On a donc intérêt collectivement à revaloriser la langue et les cultures du monde arabe «parce qu’elles font aussi partie de l’Histoire de France et de beaucoup de Français».
Parler plusieurs langues est une véritable richesse qui permet une meilleure compréhension du monde, et il serait dommage de s’en priver.
D’ailleurs, parmi les différentes immigrations qui existent en France, que ce soit espagnole ou portugaise ou asiatique, «ce sont les immigrés d’origine arabe qui transmettent le moins leur langue à leurs enfants».
C’est quelque chose qui interpelle et «j’ai interrogé beaucoup de personnes d’origines différentes qui racontent tous la même chose», dans le livre.
Pour eux, la langue arabe «est confinée dans l’espace domestique», c’est-à-dire que tous comprennent certaines phrases élémentaires du genre «range ta chambre» ou «finis ton assiette» ce qui en fait «la langue de la maison et parfois aussi celle des sentiments».

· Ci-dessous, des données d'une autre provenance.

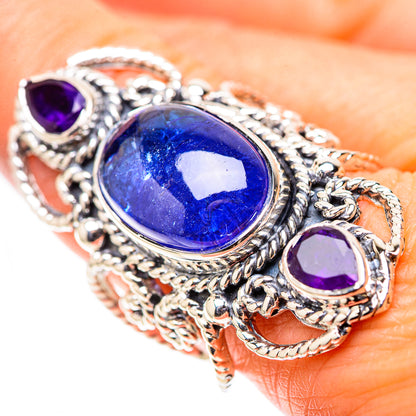 Ornate sterling silver ring with oval blue gemstone and two round purple stones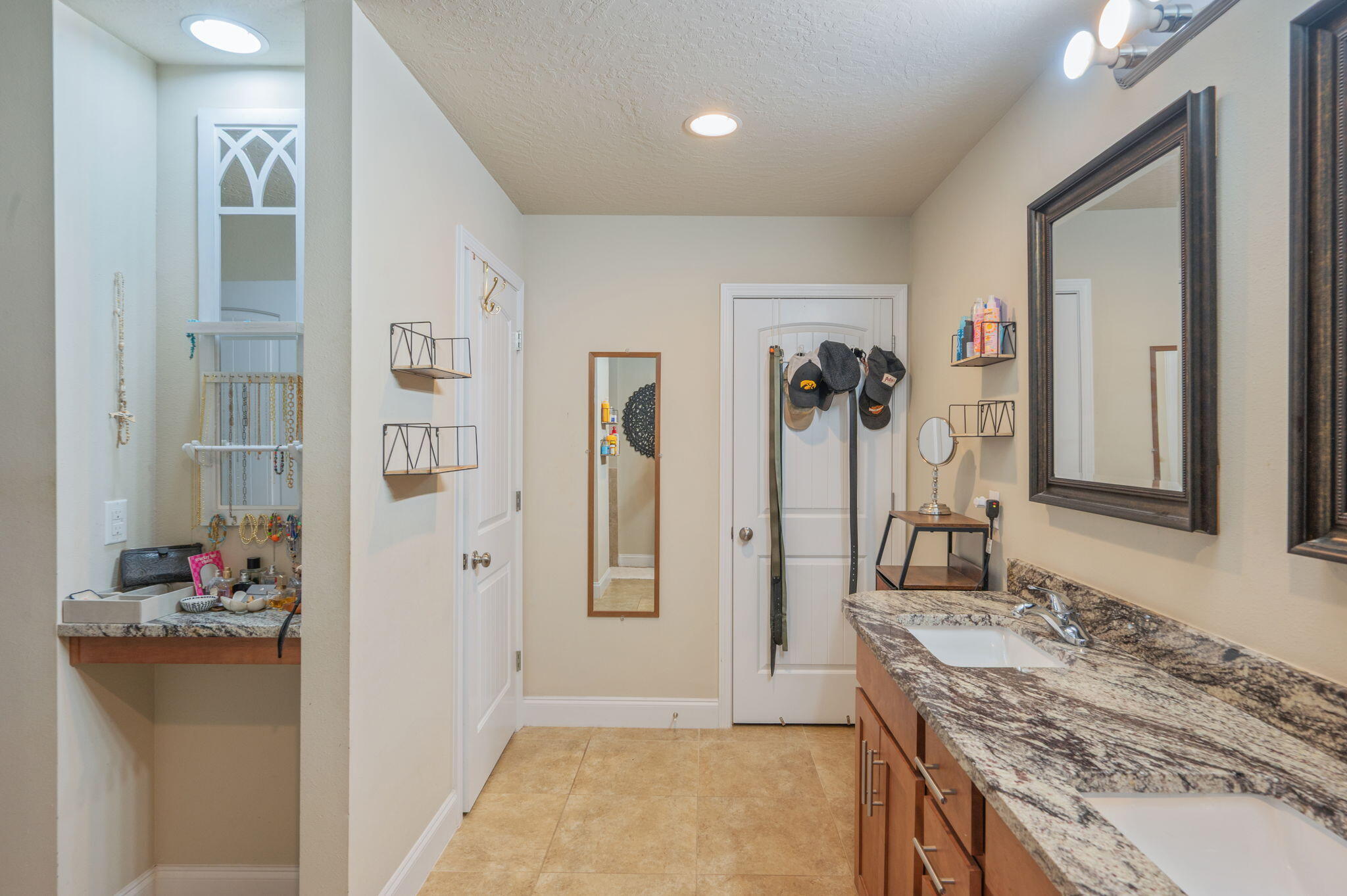 4675 Chanteuse Parkway Crestview, FL 32539 - Photo 29 of 48 a bathroom with a granite countertop sink and a mirror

Mais dès qu’on engage une discussion sur différents sujets et «surtout dès qu’on sort de la maison, on passe au français».
Aimer sa double identité
Tout ceci renvoie à une question très profonde et très française soit «est-ce qu’on peut être Français et être autre chose en même temps?» Est-ce qu’on peut manier «plusieurs identités sans qu’elles soient en concurrence?» Ceci est étroitement lié à la vision qui prévaut en France de ce qu’est «être Français».
La France s’est construite avec une très belle idée d’égalité républicaine qui fait qu’on est tous Français, on est tous identiques, mais on est Français et pas autre chose. Il serait intéressant de s’interroger «sur la manière d’être Français et Arabe en même temps».
D’ailleurs, pendant un séjour aux États-Unis, il était souvent présenté comme étant «franco-arabe», ce qui le surprenait au début parce que «je ne me suis jamais défini comme tel».
Mais tout bien considéré, «j’ai trouvé que c’est une bonne définition» pour quelqu’un qui aime la France, sa culture, ses cultures, sa gastronomie, son mode de vie, sa littérature... «mais en même temps, j’aime le Liban et j’aime le monde arabe».
Aimer et assumer cette double identité est d’ailleurs possible. C’est en tout cas son choix de vie comme celui de nombreuses personnes dans sa situation avec qui il s’est entretenu dans le cadre du livre.
À défaut d’avoir retrouvé sa langue maternelle, qu’il ne désespère pas de reconquérir un jour, Nabil Wakim s’est au moins réconcilié avec elle.